Acht Werke – von Mozarts „Divertimento Es-Dur“, Beethovens Duett „Mit zwei obligaten Augengläsern“ bis Brahms´ „Klavierquartett Nr. 1“ – werden von den Musikerinnen und Musikern nicht nur fachgerecht und verständlich erläutert, sondern auch ebenso pointiert vorgespielt. Da weiß Tenor Dieter Wagner allerlei über Haydns „Schottische und walisische Lieder“ zu berichten und die junge Violinistin Varpu Heikinheimo lässt bei Paganinis „Caprice Nr. 1“ Bogen und Finger fliegen, nachdem sie kurz noch erklärt hat, was eigentlich ein „Pizzicato“ ist.

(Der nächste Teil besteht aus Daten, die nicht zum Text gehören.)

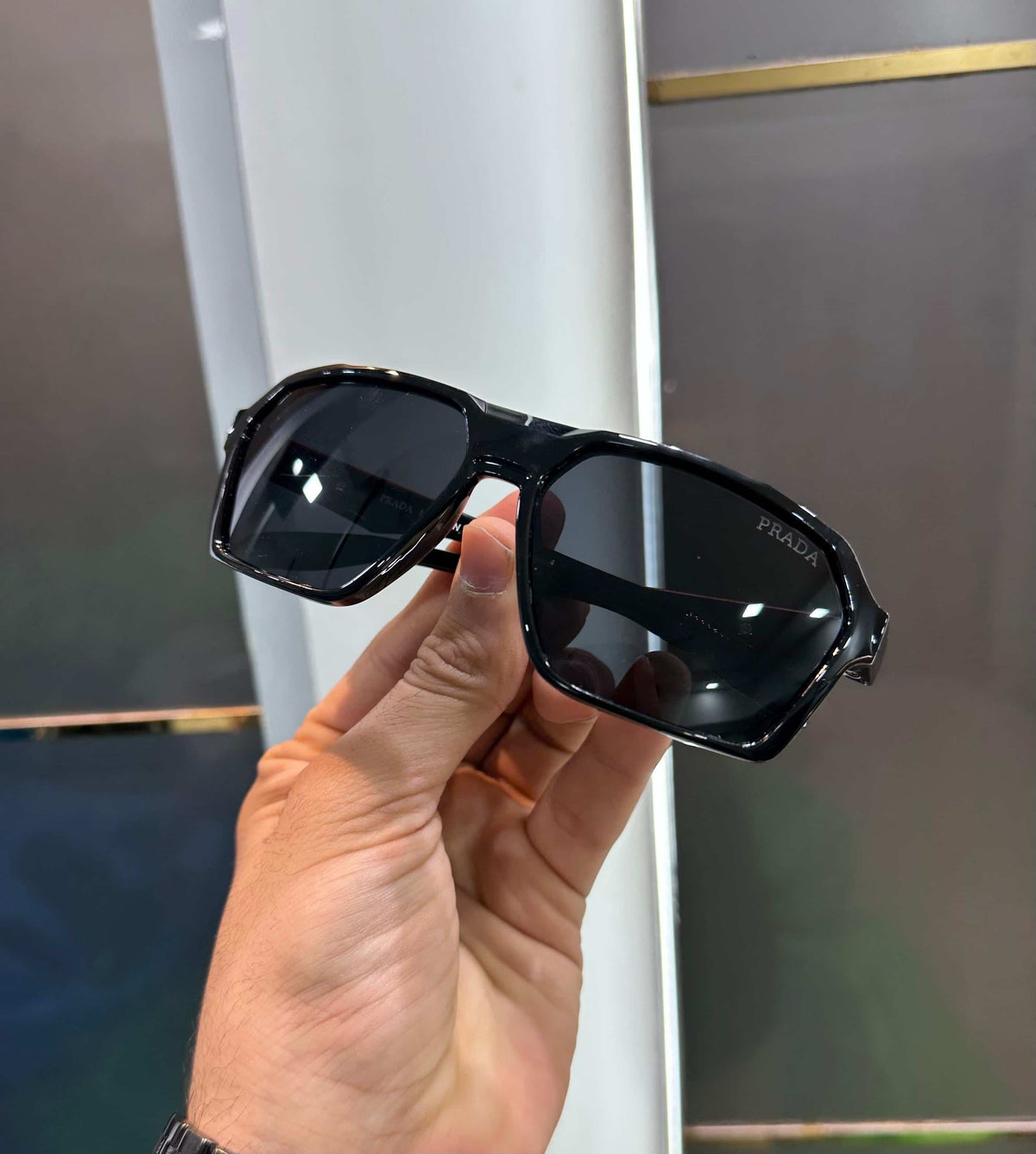 Prad a Milano All Black Glossy Premium Shade S91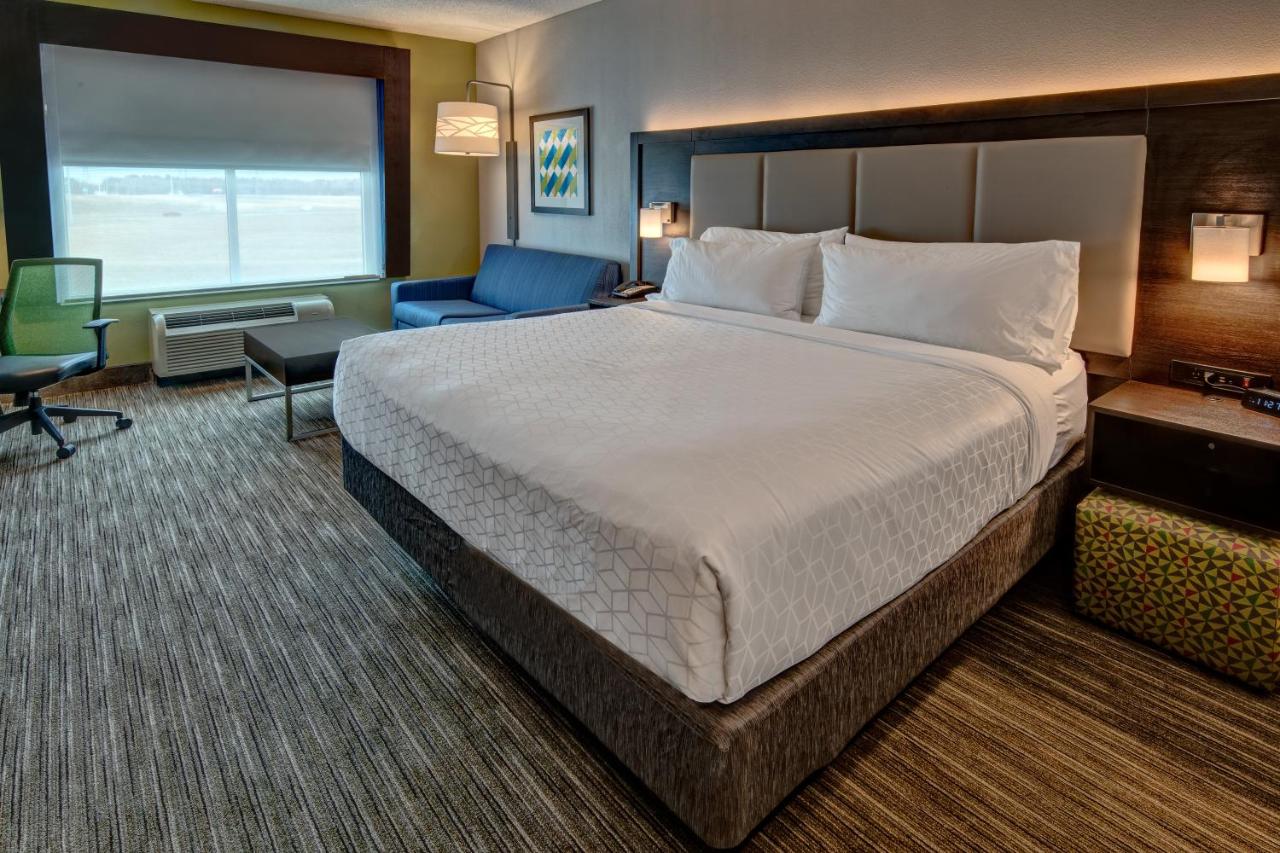 Deluxe King Room at Holiday Inn Express Hotel & Suites Jackson NE by IHG
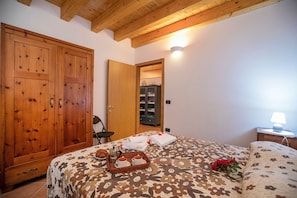 Apartment | 1 bedroom - Appartamento Centro Storico Riva (Riva del Garda)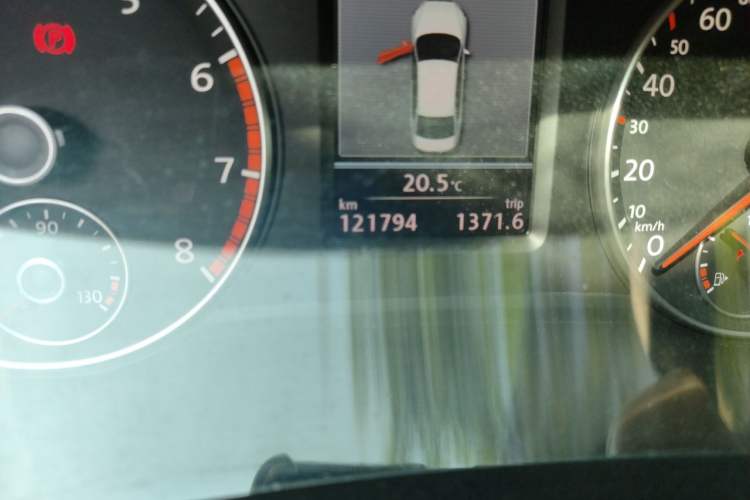 Used Volkswagen Passat 2011 1.8TSI DSG Prestige Edition Odometer Close Up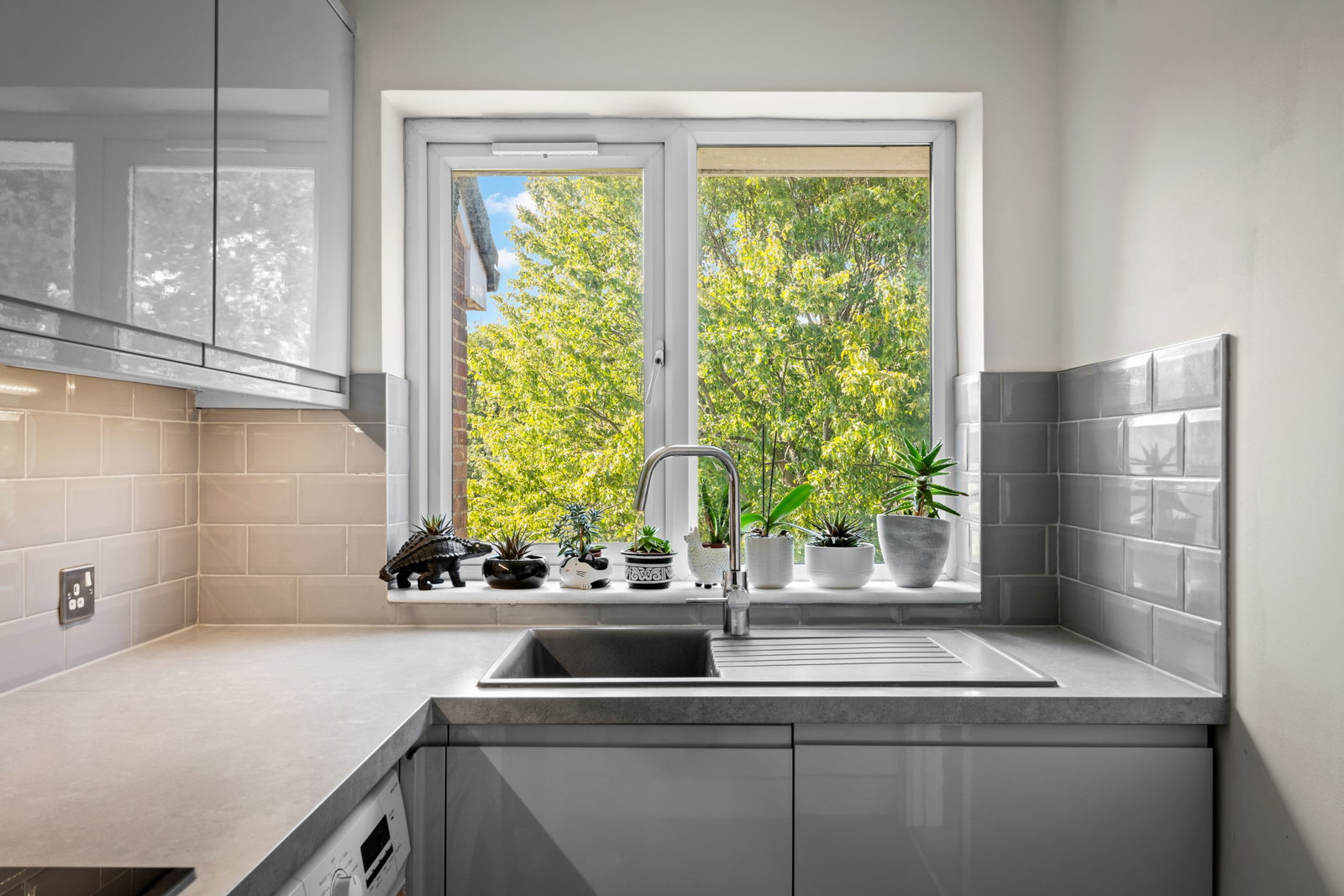 Flat for sale in Croydon, Middlefields, Croydon, CR0 9LH, 470 m²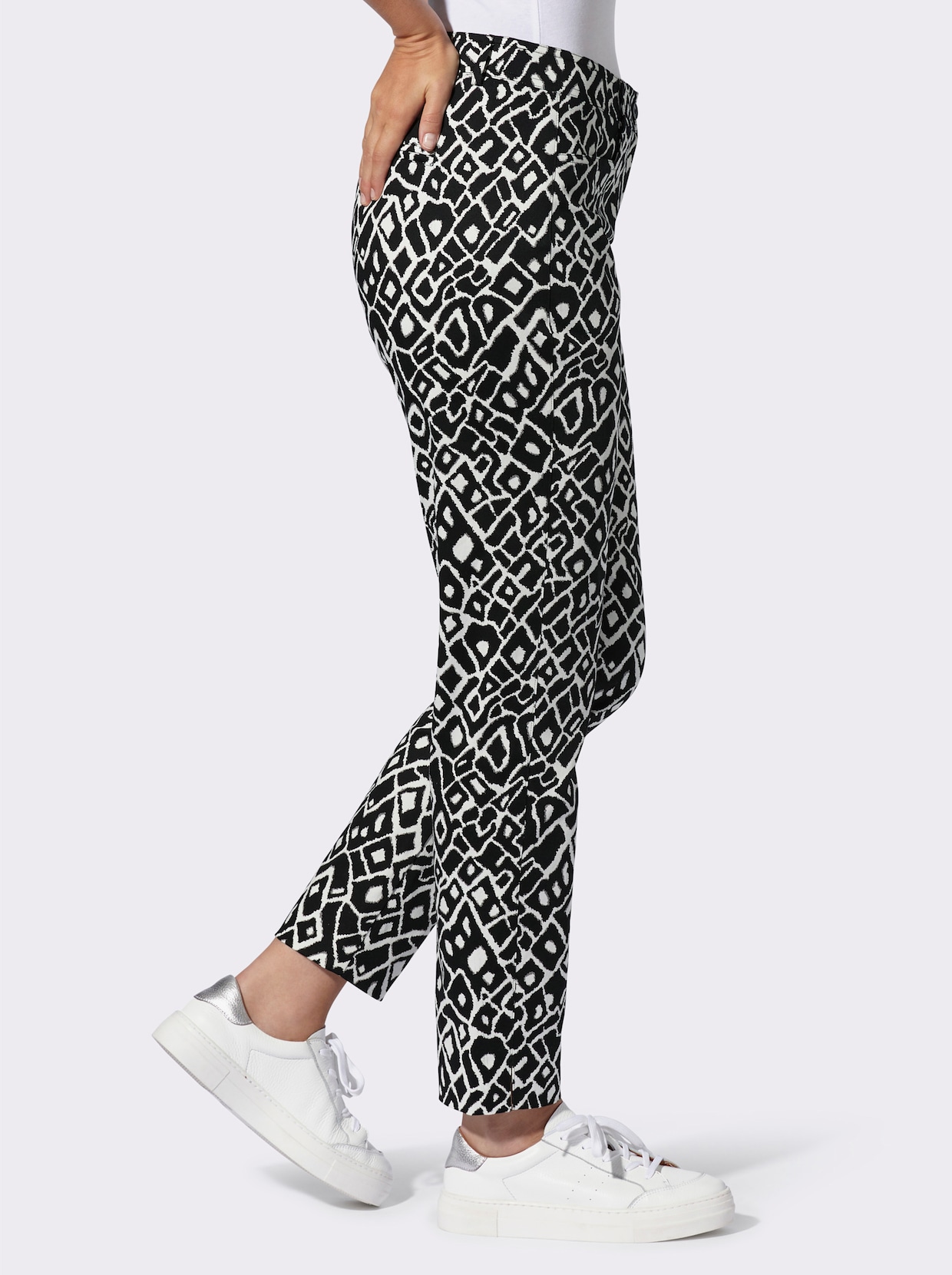 heine Druckhose - schwarz-ecru-bedruckt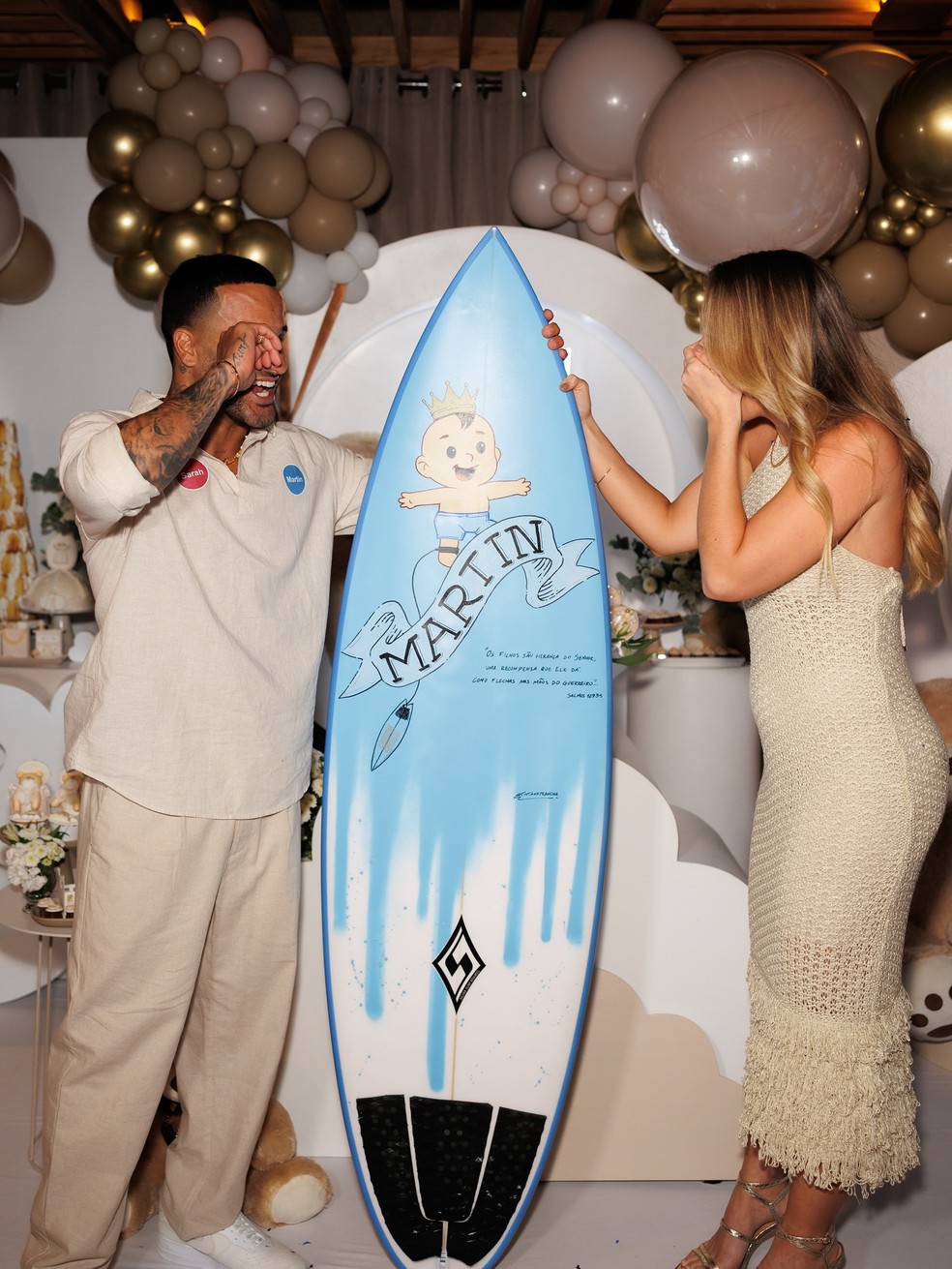 Com prancha de surf, Italo Ferreira revela sexo de seu primeiro filho — Foto: Instagram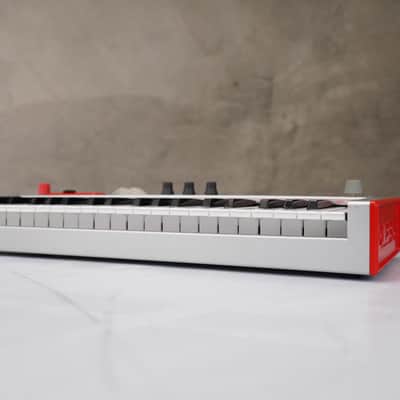 Alesis Micron Analog Modeling Synthesizer #59017 image 7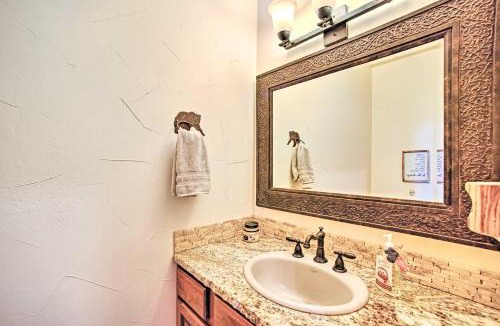 Florissant House | Idyllic Florissant Cabin w/Patio & Hot Tub!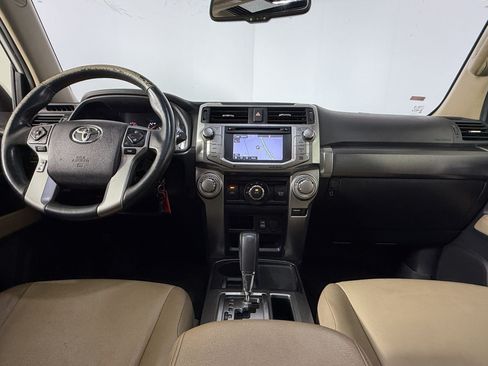 Used 2016 Toyota 4Runner SR5 Premium RWD image 14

Bild: Virtuos – Varpu Heikinheimo und Kari Träder
„Nicht schlecht, hätte ich nicht gedacht“, so einige Gefangene beim Rausgehen. Wieder einmal haben Hartmut Zimmermann von der Leitung der im Mai 1995 von Erich Fischer gegründeten Stiftung und sein Ensemble ihr Ziel erreicht. „Förderung von Musik und Kultur, Humanisierung des Strafrechts und eine verbesserte Resozialisierung der Inhaftierten“ seien die Hauptanliegen der Stiftung, so Zimmermann. In insgesamt 16 Haftanstalten wird „Musik hinter Gittern“ derzeit als Modellprojekt von „Amnesty National“ angeboten. „Wir sehen uns im nächsten Jahr zum Jubiläum wieder“, kündigt Zimmermann an. „Hoffentlich nicht“, erwidern einige Gefangene lachend.